You do have good taste, congrats.


----------



## badfrog (Feb 25, 2010)

I love chipotles! I love that somewhere in this great country of ours someone is growing Romas in February...(I can tell you that is NOT happening here in mid Tennessee!!!)

Great looking sauce...I bet it would pressure can nicely for sending a pint sample to TN!!!!


----------



## tjohnson (Feb 27, 2010)

Rob.....WTF!

We won't get ROMAS like that until August!

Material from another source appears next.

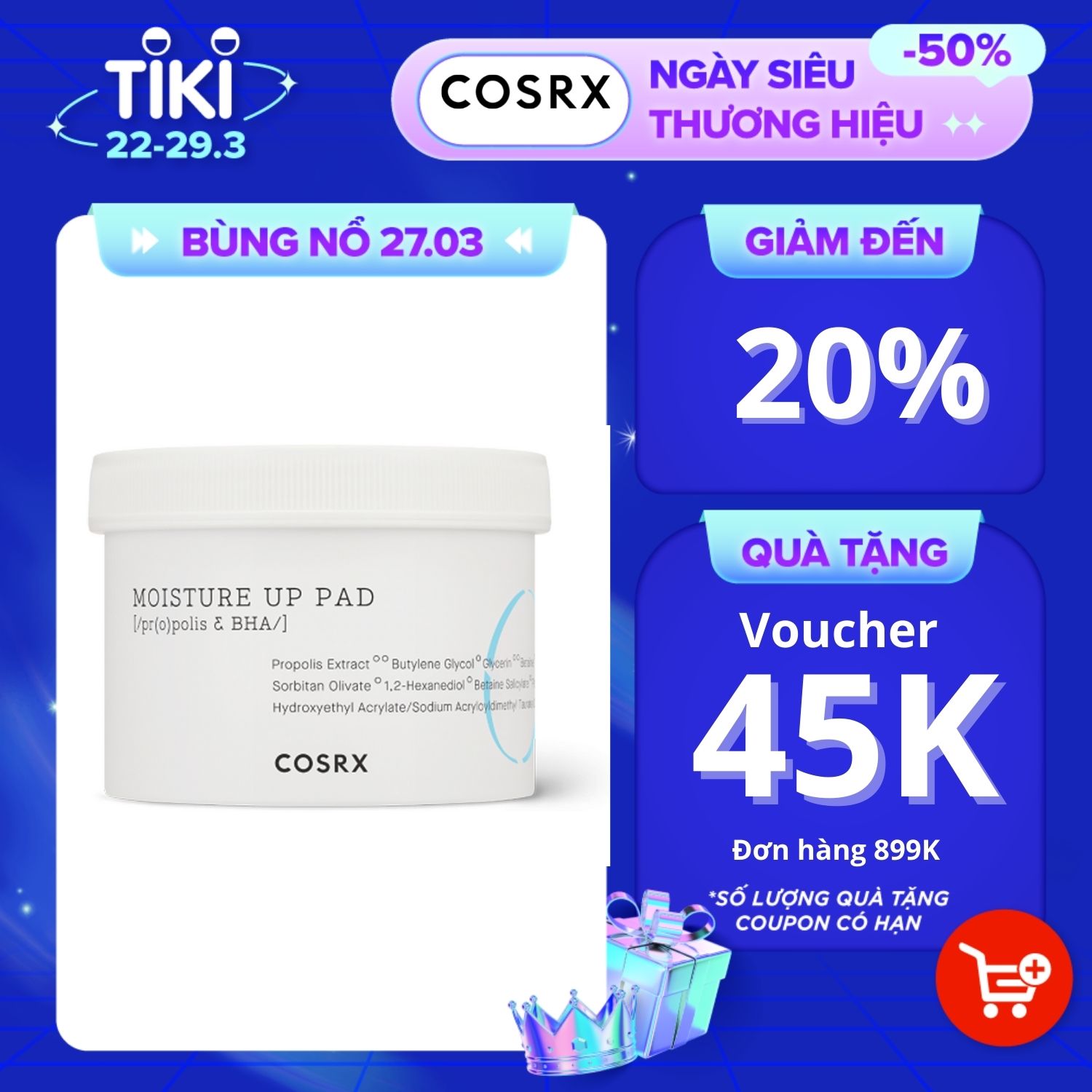 Bông Tẩy Tế Bào Chết Hoá Học Và Dưỡng Ẩm Da (0.5% BHA, Keo Ong, Trà Xanh) COSRX One Step Moisture Up Pad 70 Miếng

Does your garden ever quit?


TJ


----------



## chefrob (Feb 28, 2010)

never done any canning..........got it frozen in icecube form.


----------



## chefrob (Feb 28, 2010)

in august it is as crispy as bacon.........


----------



## rdknb (Feb 28, 2010)

I look outside and just see snow or really snirt


----------



## fourthwind (Feb 28, 2010)

First thing I did was look at the date of the post, then where you were from..    Then I looked outside and my tomato cages under six inches of snow.  LOL  you basterd!  Would love some fresh produce right now!

Great looking sauce


----------



## tjohnson (Feb 28, 2010)

Closest we get to "Fresh Produce" this time of year, is the gassed crap that comes from Mexico and South America!

I freeze spaghetti sauce and it works out great.  Never thought about smoking tomatoes, making sauce and freezing it in ice cube trays.

How long do you smoke the tomatoes?

Thanks for the idea Rob!


Todd


----------



## chefrob (Feb 28, 2010)

i think i smoked everything for about an hour and a half to 2 hrs.


----------



## mballi3011 (Feb 28, 2010)

Man oh Man thats a nice looking garden and in the winter time too. Greta job on the garden and that sauce looks awesome too. I have heard of the ice tray trick before and it works really good too.


----------



## chefrob (Feb 28, 2010)

first time using the icetray method and i like it......i just vacpacked in bigger bags so i can reseal.


----------